Oui, mais c'est fiscalement moins avantageux. En EURL, les dividendes au-delà de 10 % du capital social sont soumis aux cotisations TNS (environ 45 %). Ce seuil s'applique aussi quand la holding est une EURL. Avec un capital de quelques milliers d'euros, presque tous les dividendes seraient requalifiés. La SASU reste le véhicule le plus adapté pour une holding de freelance.

Faut-il un avocat fiscaliste pour créer une holding ? +

Ce n'est pas obligatoire pour la création de la société elle-même (une plateforme juridique suffit). En revanche, l'apport de titres et la structuration fiscale du groupe nécessitent un accompagnement spécialisé. Un expert-comptable habitué aux montages holding ou un avocat fiscaliste peut t'éviter des erreurs coûteuses sur le report d'imposition de la plus-value.

Combien de temps faut-il pour que la holding soit rentable ? +

Si tu distribues 80 000 € de dividendes par an et que tu réinvestis via la holding, le différentiel de trésorerie (environ 24 000 € supplémentaires par an) couvre largement les frais de fonctionnement (2 000 à 3 000 €) dès la première année. La rentabilité est immédiate à condition d'avoir un projet de réinvestissement concret.

La holding protège-t-elle mon patrimoine en cas de litige client ? +

Pas directement. La responsabilité opérationnelle reste dans ta SASU. En revanche, les actifs logés dans la holding ou dans une SCI sont juridiquement séparés de l'activité opérationnelle. En cas de difficulté de la SASU, ces actifs sont protégés. C'est une forme de cloisonnement patrimonial, pas une protection absolue.

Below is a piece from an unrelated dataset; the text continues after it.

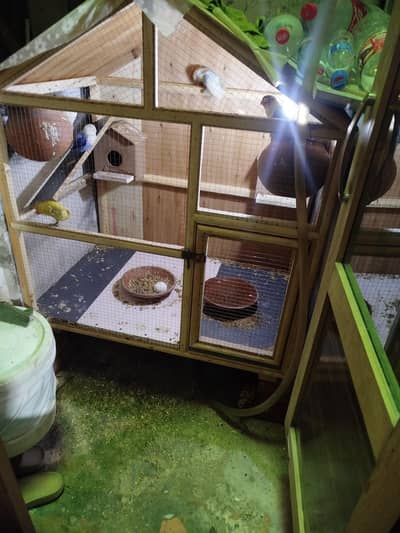 5 love birds with pinjra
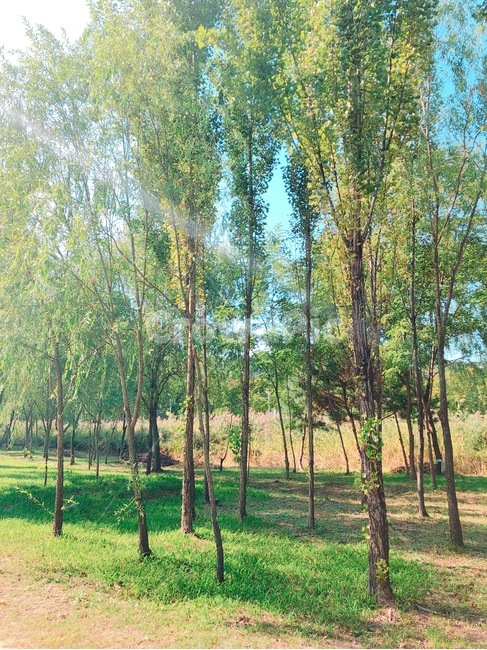 햇살,나무,햇빛,초록,숲,키큰나무,얇은나무,가느다란나무,봄,여름,산책,자연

La holding est-elle intéressante pour revendre son activité freelance ? +

Oui, c'est l'un de ses principaux atouts. Via la niche Copé, la plus-value de cession des titres de la SASU (détenus depuis plus de 2 ans) est exonérée à 88 %. L'imposition effective tombe à environ 3 % au lieu de 31,4 % avec le PFU en nom propre. La trésorerie post-cession reste dans la holding pour être réinvestie.

Peut-on dissoudre la holding si le montage ne convient plus ? +

Oui. La dissolution d'une SASU coûte environ 500 à 1 500 € (frais de liquidation, annonce légale, radiation au greffe). Mais il faut d'abord retransférer les titres de la filiale vers toi en personne physique, ce qui peut déclencher l'imposition de la plus-value qui était en report. La sortie n'est pas gratuite.